The principle applies to every Member State – domestic and regional alike. The Caribbean Court of Justice settled this question in 2014 in Rudisa Beverages & Juices N.V. v The State of Guyana, a case brought by a Surinamese company challenging an environmental tax amendment under the Guyana Customs Act.
The Court may have acknowledged the stated objective of the legislation, but it held that motive and form are irrelevant; effect is what matters. If the effect of an internal fiscal measure alters competitive conditions in favour of locally produced goods as against like goods of Community origin, it is inconsistent with the Revised Treaty of Chaguaramas.

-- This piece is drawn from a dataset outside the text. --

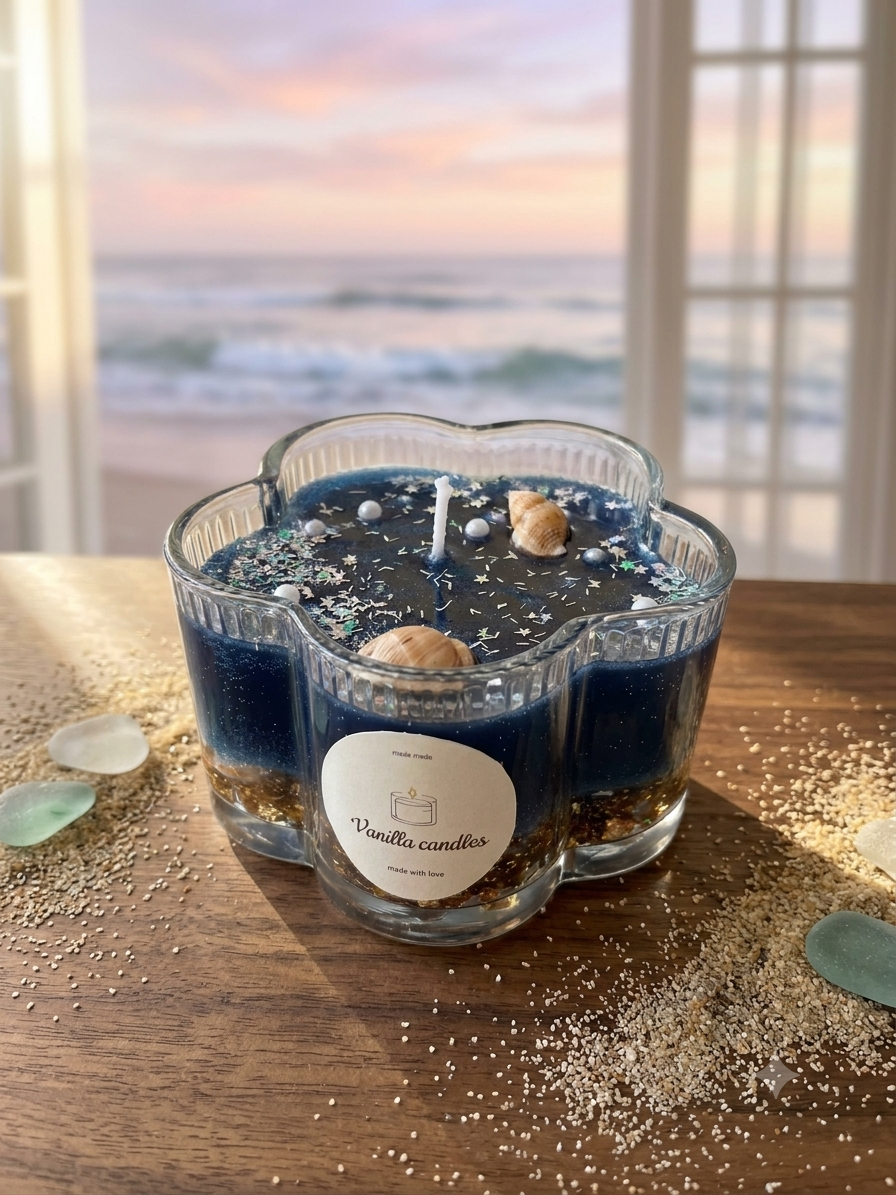 Sea Candle 🐚🌊💙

Against that legal background, the recent tax amendment introduced by Dr. Ashni Singh in his 2026 Budget, zero-rating locally produced furniture and jewellery, fails at the first hurdle. By the Bill’s plain language, the benefit is confined to Guyanese production. Furniture and jewellery manufactured in other CARICOM states do not enjoy the same treatment. That is differential taxation based solely on origin. Anyone familiar with the Treaty and Rudisa would immediately recognise the difficulty.

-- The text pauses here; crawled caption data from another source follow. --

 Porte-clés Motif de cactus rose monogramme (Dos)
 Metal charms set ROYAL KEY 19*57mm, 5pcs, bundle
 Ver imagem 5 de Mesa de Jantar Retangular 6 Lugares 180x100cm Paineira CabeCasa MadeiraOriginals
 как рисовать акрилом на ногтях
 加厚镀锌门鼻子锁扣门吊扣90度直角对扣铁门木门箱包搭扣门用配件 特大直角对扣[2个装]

In functional terms, it is precisely the type of discriminatory fiscal measure the CCJ warned against. The inconsistency will not go unnoticed within the Community. Guyana has already been required to compensate Rudisa in substantial sums. It would be unfortunate to invite a repetition. The measure should be reconsidered before it produces another avoidable and embarrassing defeat.

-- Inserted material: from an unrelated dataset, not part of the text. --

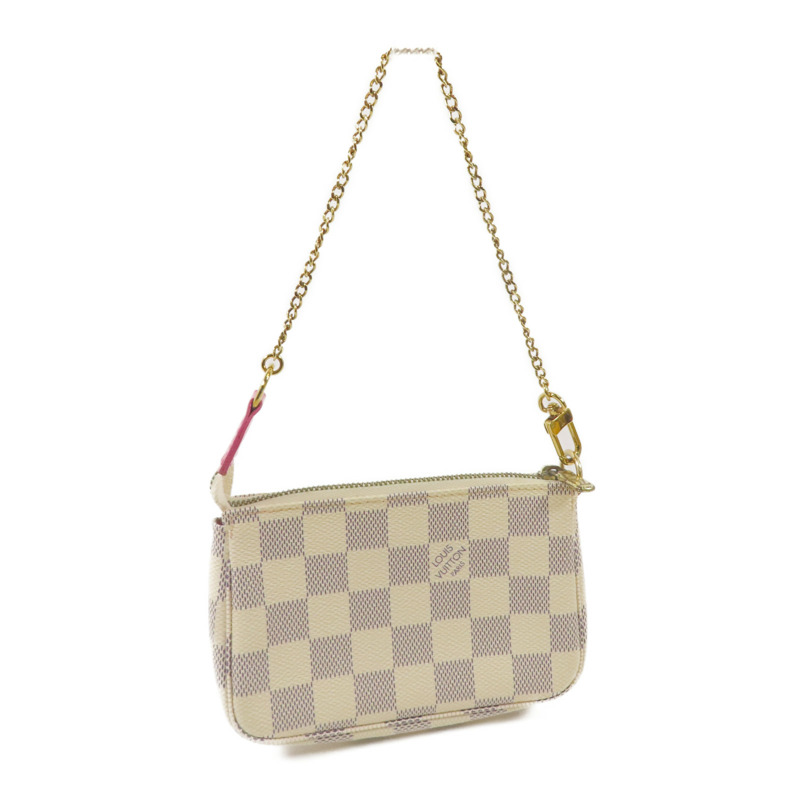 LOUIS VUITTON Damier Azur Mini Pochette Accessoires金扣手挽袋-1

But there is a broader issue. Guyana produces gold in abundance. No other CARICOM country does. It has commercially harvested timber. No other CARICOM country comes close. To attempt to protect such businesses defies economic logic and raises the question of the kind of private sector we are trying to build. Protection is not integration. If our manufacturers require origin-based tax advantages to survive within the Single Market, then we are not preparing them to compete regionally: we are mollycoddling them, protecting them from their own inefficiencies.
The asymmetry in regional enterprise is instructive. Republic Bank Limited, a Trinidad and Tobago enterprise, operates profitably in Guyana. Yet not one of our indigenous banks – Citizens Bank, Demerara Bank or GBTI – operates in that country. They appear comfortable in a Guyana market that functions more like a sheltered environment than a competitive one. The pattern repeats across sectors: capital, brands, and services move outward into Guyana far more readily than Guyanese enterprises expand outward into the region.
The pattern repeats elsewhere. Banks DIH Limited gave Barbados the “Banks” beer, which that country has made into a national brand. Yet in Guyana its strategic focus appears to be motor vehicle sales and internal corporate restructuring rather than regional expansion. In that context, it is not without irony that when legal assistance was required, the company retained a Trinidad-based law firm. There is nothing improper in that choice. But it illustrates a broader reality: regional integration appears to flow more readily into Guyana than outward from it.
If President Ali wishes to be taken seriously when he calls on others to dismantle barriers, his actions must be consistent and must avoid enacting measures that privilege domestic production in ways that offend Treaty principles. One would have expected the tabling Minister, Dr. Ashni Singh, to be particularly alert to Guyana’s binding obligations under the Treaty and the emphatic direction already given by the CCJ.
If President Ali genuinely believes in the Single Market, then he should be speaking frankly to Guyanese businesses, charging them to go out and exploit the opportunities offered by the CSME, diversifying their markets and earning foreign currency. Not sheltering them from regional competition, but equipping them to compete successfully within it.